** Recorded data **
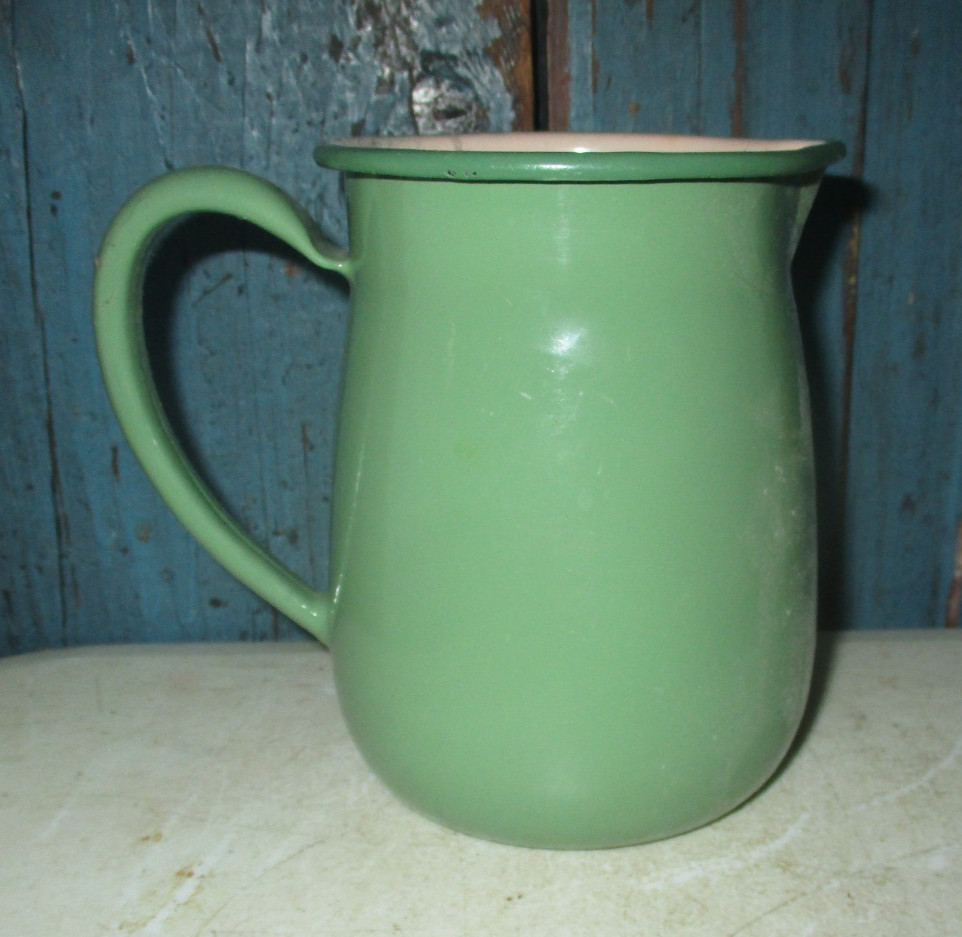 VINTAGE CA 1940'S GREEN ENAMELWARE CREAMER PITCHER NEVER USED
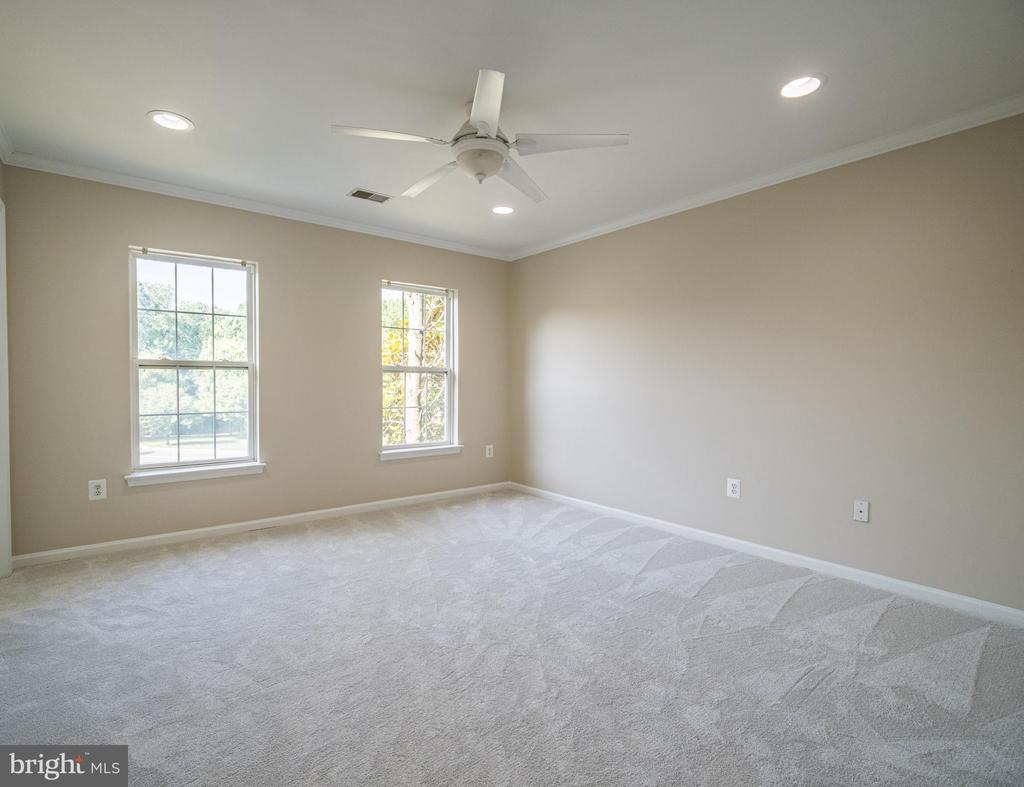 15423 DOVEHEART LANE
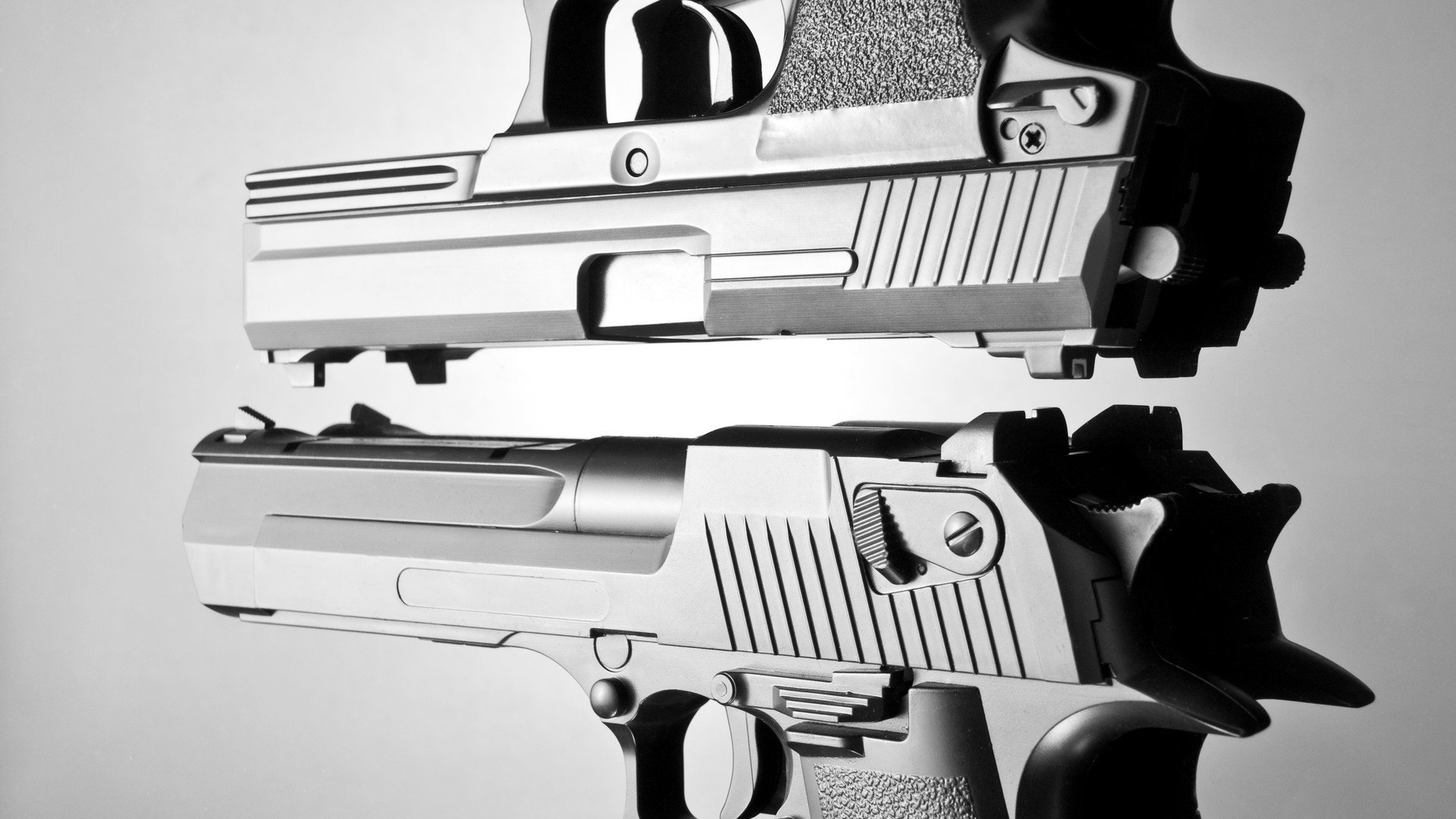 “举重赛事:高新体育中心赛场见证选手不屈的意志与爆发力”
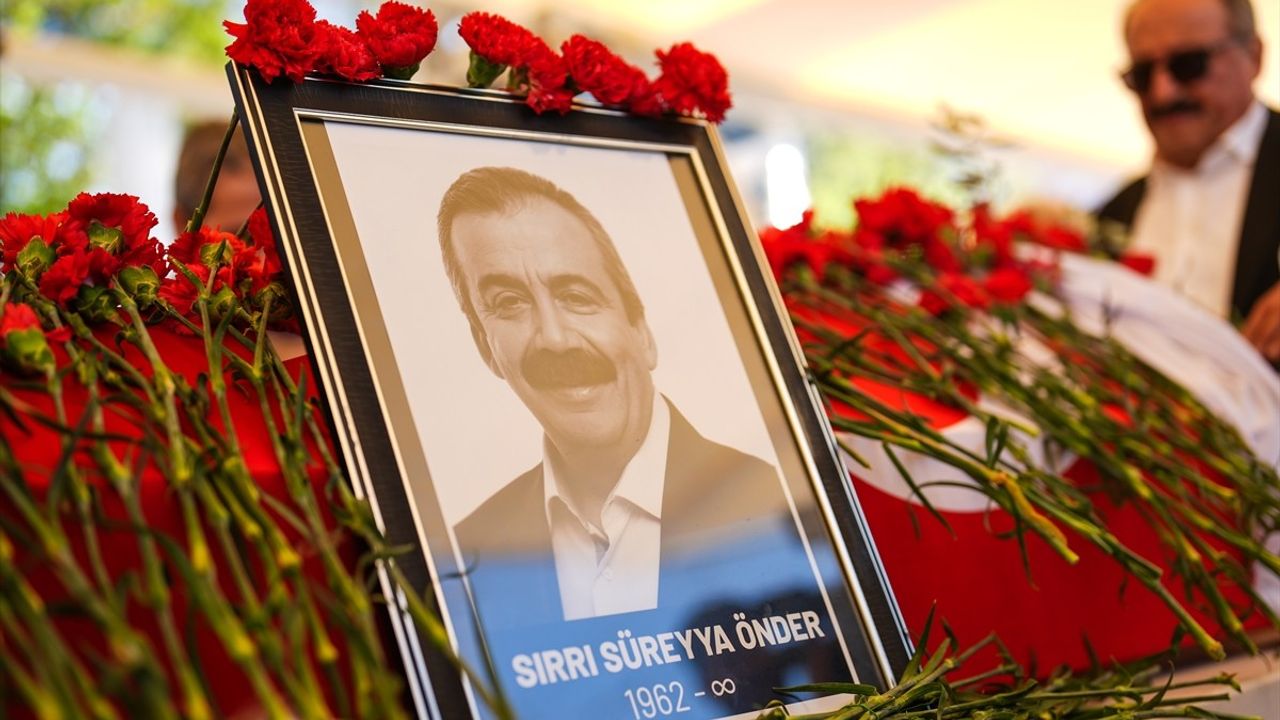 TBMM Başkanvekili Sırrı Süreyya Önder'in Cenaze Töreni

** What you should do **
Please copy the data shown above word for word, omitting the pictures.

** Answer section **
 VINTAGE CA 1940'S GREEN ENAMELWARE CREAMER PITCHER NEVER USED
 15423 DOVEHEART LANE
 “举重赛事:高新体育中心赛场见证选手不屈的意志与爆发力”
 TBMM Başkanvekili Sırrı Süreyya Önder'in Cenaze Töreni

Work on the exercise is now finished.